Я готовилась к экзаменам, а тут этот арест, и все шушукаются за спиной, а Тамара Петровна — так в лицо:
— Что, — дескать, — доигралась со своим уголовником? Может, ты за ним поедешь, как жены декабристов?
Наверное, надо было поехать, тогда бы хоть не было всей последующей мерзости, но я готовилась к экзаменам и возненавидела его за то, что терплю издевательства и позор и в школе, и дома, и везде. И я не поехала.
Максим Григорьевич Полуэктов проснулся там, где лег. Еще спящего, нещадно донимало его похмелье, да так сильно, что и просыпаться он не хотел. И не только с похмелья, а и так — зачем ему было просыпаться и что делать ему было, Максиму свет Григорьевичу, в миру, который давно он уже собирался покинуть, в реальности этой гнусной, где много лет уже у него сосало и болело в искромсанной хирургами трети желудка его. В этой сохранившейся зачем-то трети, которая и позволяла ему еще жить, но и мешала тоже и давала знать о себе эта проклятая треть приступами и рвотами. Ничего особенного не должен был делать он в этом мире, ничего такого интересного и замечательного, никакие свершения не ждали уже его теперь, да и никогда не ждали его великие свершения. Однако все же встал Максим Григорьевич, где лег, выгнало его сон похмелье. Да и разве сон это был? Кошмары, да и только.
Какие-то рожи с хоботами и крысиными глазами звали его из-за окна громко и внятно, сначала медленно расставляя слова, а потом, по мере погружения воспаленного его мозга в слабый сон, все быстрее и громче. Звали рожи зачем-то распахнуть окно и шагнуть в никуда, где легко и заманчиво; предлагали рожи какие-то мерзости — считая, должно быть, что они Максиму Григорьевичу должны понравиться.
— Иди сюда, Максим, иди, милый, что ты там не видел на диване своем клопином? Гляди-ко, какая красавица ждет тебя, — и предъявляли сейчас же красавицу, то в виде русалки — зеленую и с гнусной улыбкой, то убиенную какую-то, когда-то даже вроде виденную уже женщину — голую и в крови. — Встань, не лежи, выйди-ко, Максим, на балкон, мы вот они, здесь, за стеклом, перекинь ноги через перила да прыгай, прыгай, прыгай, прыгай!!!

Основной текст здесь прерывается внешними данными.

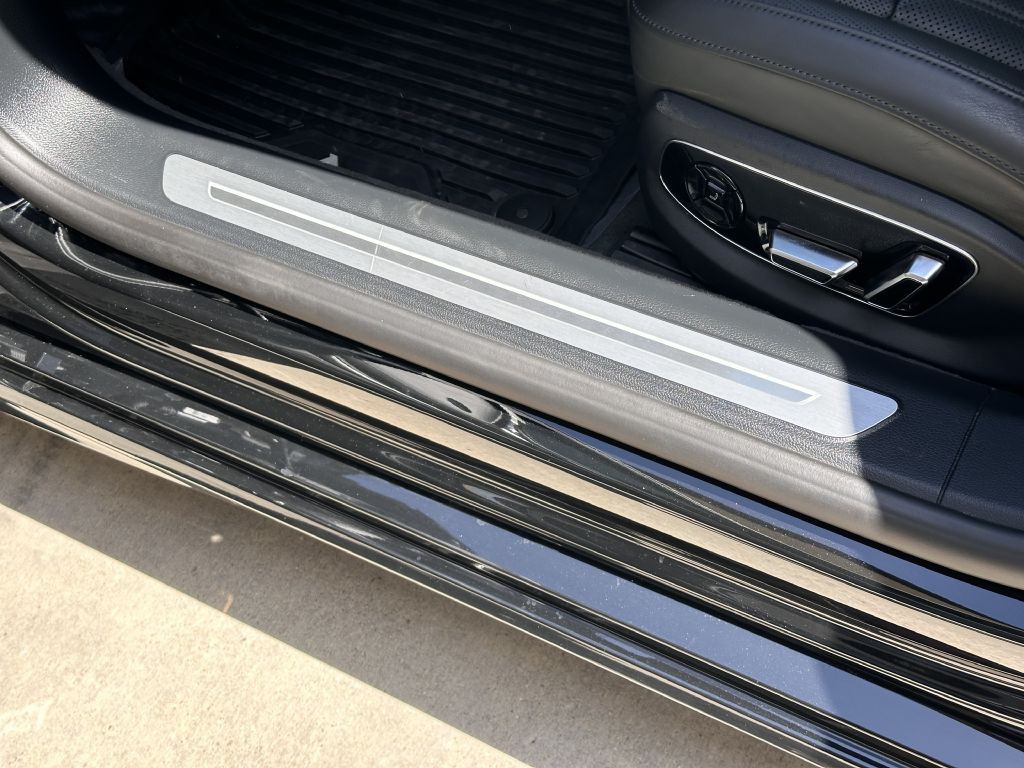 2021 Audi A8 Image 28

И русалка — или девица — хихикала или плакала и тоже манила ручкой, а потом все это деформировалось, превращалось совсем уже в мерзость и исчезало, если разомкнуть веки. А теперь, после забытья, которое все-таки наступило, но — урывками и трудно, — забытья, в какое погружаешься не полностью, с натугой и вздрагиваниями и потом холодным, после забытья этого с вереницей тяжелых сновидений, надо было все-таки проснуться окончательно, спустить ноги с дивана, пойти на кухню и выпить ледяной воды из холодильника, а лучше бы пива засосать, да нет его — пива-то, ничего нет хмельного в доме — это Максим Григорьевич знал наверняка, потому что так всегда было, что утром ничего не было. Но вставать надо. И, еще держась за сон нераскрытыми глазами и цепляясь за него, застонал он — пенсионер и пожарник, бывший служащий внутренней охраны различных заведений разветвленной нашей пенитенциарной системы, оперированный язвенник, желчный и недобрый молчун, Максим Григорьевич Полуэктов. Застонал, потому что подступили и начали теснить улетавший его беспокойный сон вчерашние и давешние воспоминания, от которых стыдно, и муторно, и досадно, и зло берет на себя самого, а больше — на тех, на свидетелей и соучастников пьяных его вчерашних действий и болтовни. И излишки желудочного сока уже подступили к горлу и просили спиртного: дай, дескать, тогда осядем обратно. А вот и спазмы начали стискивать голову и тоже того же требовать: подай сей же момент, а то задавим, — и показывали даже, намекали, как они его, Максима Григорьевича, задавят, эти спазмы.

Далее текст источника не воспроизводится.